The scale in the Brazilian validation presents one less item, with the elimination of the fourth Item. This item, as mentioned above, had substantially lower factor weights than the rest in Spain and in the original validation, which is considered a congruent decision. One of the factors, with this elimination, is now measured in three items, which is considered acceptable for the measurement of a dimension in a psychometric instrument [80]. The reverse direction of four of the items is maintained, in order to seek fidelity with the original scale and its different versions.

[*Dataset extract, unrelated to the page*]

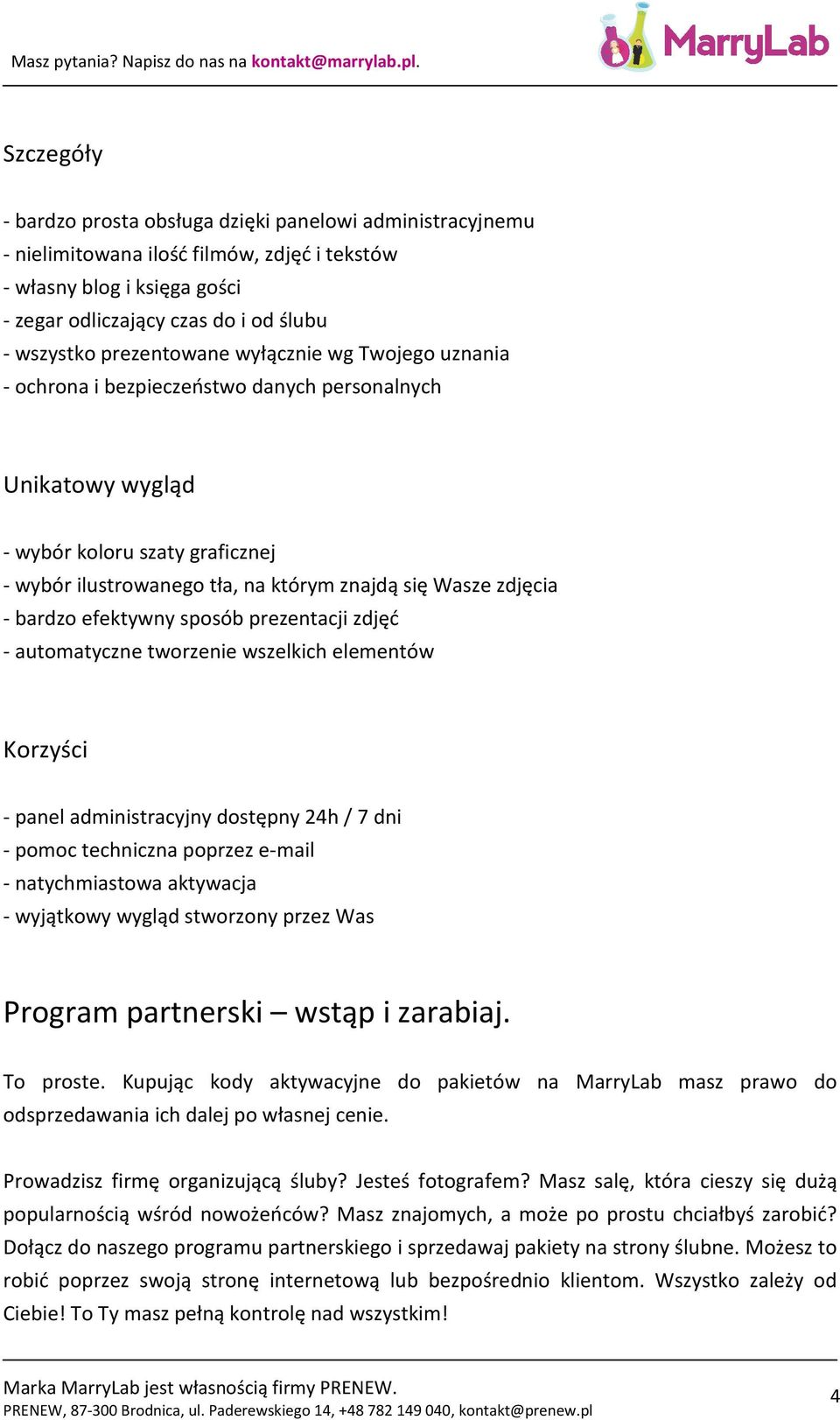 - bardzo efektywny sposób prezentacji zdjęć - automatyczne tworzenie wszelkich elementów Korzyści - panel administracyjny dostępny 24h / 7 dni - pomoc techniczna poprzez e-mail - natychmiastowa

The validity study of the instrument reveals significant correlations between scores in perceived job insecurity and measurements of mental health and job satisfaction. In the case of job satisfaction, an inverse correlation is found with all measurements of job insecurity in the scale, and a direct correlation with mental health. These results are consistent with the scientific literature [51, 54]. This supports not only that the scores are adequate to establish criterion validity, but also the correct behaviour of the scale in its cross-cultural adaptation to the Brazilian population. It should be noted that the correlation between the total job insecurity score and the mental health variable is higher than that observed with job satisfaction. This is in continuity with the work of Stiglbauer et al. [81] where a higher correlation of job insecurity with cognitive well-being (r = − 0.35***) than with variables related to job involvement (r = − 0.12) is observed. It also shows a high relationship between job insecurity and intention to leave (r = 0.48***). This leads to the conclusion that job insecurity is a high intensity phenomenon, which is more related to the negative impact consequences of its occurrence. At the same time, it reflects the fact that in order to understand the effects of job insecurity, it is not only necessary to observe labour-related variables, but it also involves the person’s state of well-being in its broadest sense. That is to say, the expectation of job loss conditions the person’s situation in the rest of the spheres of life development. This is based on theoretical approaches that understand precarious employment as precarious living [82]: precarious employment—in this case the dimension of job insecurity is measured—cannot be isolated from the subject’s quality of life. Låstad et al. [83] also relates quantitative perceived job insecurity more strongly to the deterioration of psychological well-being (r = − 0.26***), than to other work-related variables such as work/family conflict (r = 0.18***).

In the above sense, the relationship between job insecurity and other variables, such as health, shows that job insecurity is a measure of job precariousness [15]. The conceptualisation of job insecurity is not only broad, but necessarily mutable. In this sense, we provide new evidence on the relevance of looking at job insecurity as an indicator of job insecurity, in line with other authors [84]. In fact, in line with the flexible and volatile nature of the labour market [14], definitions of job precariousness that focus solely on objective aspects do not take into account the magnitude of the phenomenon under study. Thus, proposals for conceptualising precariousness such as that by Vosko [85], whereby “precarious work can be defined as employment characterised by insecurity, low pay and limited social benefits” [p. 2], reflect how job insecurity is an intrinsic element for its understanding, through a measurement of the subjective experience of job insecurity.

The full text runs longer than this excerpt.